Ireland expects to better the target set under an EU/IMF bailout to reduce its budget deficit to 8.3 percent of GDP this year from 9 percent in 2011. Finance Minister Michael Noonan said on Tuesday he was confident revenue goals for the year would be met.
That was after tax returns came in 1.5 percent ahead of target at the end of September, a month when a tenth of total tax is collected, giving Ireland a buffer in its bid to raise more revenue this year, but one less comfortable than when it was 3.1 percent ahead of expectations in June.
“The exchequer returns highlight the progress the government is making in restoring the public finances to a more sustainable position,” Noonan said in a statement.
“Although challenging targets still remain for the last quarter, I am confident that the overall tax revenue target for 2012 tax receipts can be achieved.”
Three of Ireland’s so-called ‘big four’ tax heads - income, corporate and sales tax - remained technically ahead of target, although when 261 million euros ($337.60 million) of corporate tax receipts that were due last December but received in January are excluded, corporate tax was 0.5 percent behind profile.
The better-than-expected tax take was offset again by continued government overspend with department expenditure coming in 2 percent above target versus 1.6 percent in August, chiefly due to the swollen health and social-protection budgets.
The health department has come under particular criticism from Ireland’s bailout lenders and has scrambled to find additional savings in recent weeks through cutting back on care for the elderly and overtime pay and telling senior doctors to work more flexible hours.

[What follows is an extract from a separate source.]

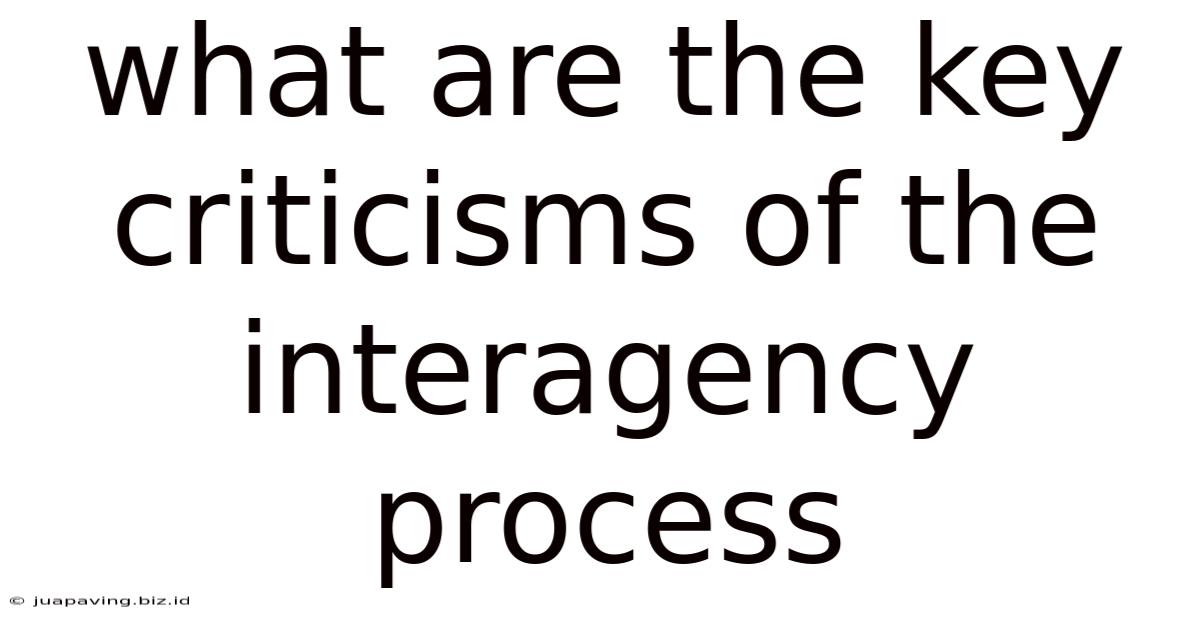 What Are The Key Criticisms Of The Interagency Process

When stripping out a reclassification of an employment levy from spending to taxation, the picture was not so bad for social protection, the department charged with dole payments which have ballooned as Ireland’s jobless rate nears 15 percent.
The country’s deficit for the first nine months of the year fell to 11.1 billion euros from 20.6 billion a year ago, mainly due to the state recapitalizations of lenders last year and the rescheduling of other bank-related payments earlier this year.
The figures also showed that non-tax revenues, which are equivalent to almost one-tenth of the tax take, were 20 percent higher year-on-year, with a third of that coming through fees from a state guarantee on bank deposits that the government is looking to wean lenders off over time.
While analysts said Ireland remained on target to meet its deficit targets for the year, they warned the government that it will need to deliver on expenditures savings next year and not rely on another 12 months of over-performance on the tax side.
“With the positive year-to-date surprise on the reported tax revenue side largely offset by the negative year-to-date overshoot on the headline voted expenditure side, Ireland’s public finances remain poised to meet their full-year targets,”
“However, any indiscipline on the spending front will need to be addressed by the government if it is to meet its target for the 2.25 billion euro expenditure component of the planned 3.5 billion in fiscal consolidation measures planned for Budget 2013.”